▶ Action item:
Can you quote the lines below exactly, starting at the line with "公主岭市葡萄苗批发哪家好" and going through the last one?

Records for this task START

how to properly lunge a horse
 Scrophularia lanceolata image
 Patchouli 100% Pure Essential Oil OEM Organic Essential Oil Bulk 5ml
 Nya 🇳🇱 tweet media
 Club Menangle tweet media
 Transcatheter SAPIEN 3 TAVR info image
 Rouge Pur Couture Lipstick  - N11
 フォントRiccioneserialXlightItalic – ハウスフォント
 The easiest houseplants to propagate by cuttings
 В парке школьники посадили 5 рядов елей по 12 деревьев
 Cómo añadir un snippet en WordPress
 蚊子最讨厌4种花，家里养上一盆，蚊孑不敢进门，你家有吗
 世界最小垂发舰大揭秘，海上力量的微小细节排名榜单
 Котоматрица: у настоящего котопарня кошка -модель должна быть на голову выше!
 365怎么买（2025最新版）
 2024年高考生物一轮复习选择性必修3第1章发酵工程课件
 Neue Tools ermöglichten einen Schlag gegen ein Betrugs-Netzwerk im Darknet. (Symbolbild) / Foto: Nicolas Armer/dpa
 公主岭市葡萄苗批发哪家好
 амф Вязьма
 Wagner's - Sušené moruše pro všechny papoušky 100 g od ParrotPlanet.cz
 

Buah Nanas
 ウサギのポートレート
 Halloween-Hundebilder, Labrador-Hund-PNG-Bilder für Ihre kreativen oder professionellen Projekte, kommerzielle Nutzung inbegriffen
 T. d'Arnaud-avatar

Records for this task END

▶ Output for this task:
 公主岭市葡萄苗批发哪家好
 амф Вязьма
 Wagner's - Sušené moruše pro všechny papoušky 100 g od ParrotPlanet.cz
 

Buah Nanas
 ウサギのポートレート
 Halloween-Hundebilder, Labrador-Hund-PNG-Bilder für Ihre kreativen oder professionellen Projekte, kommerzielle Nutzung inbegriffen
 T. d'Arnaud-avatar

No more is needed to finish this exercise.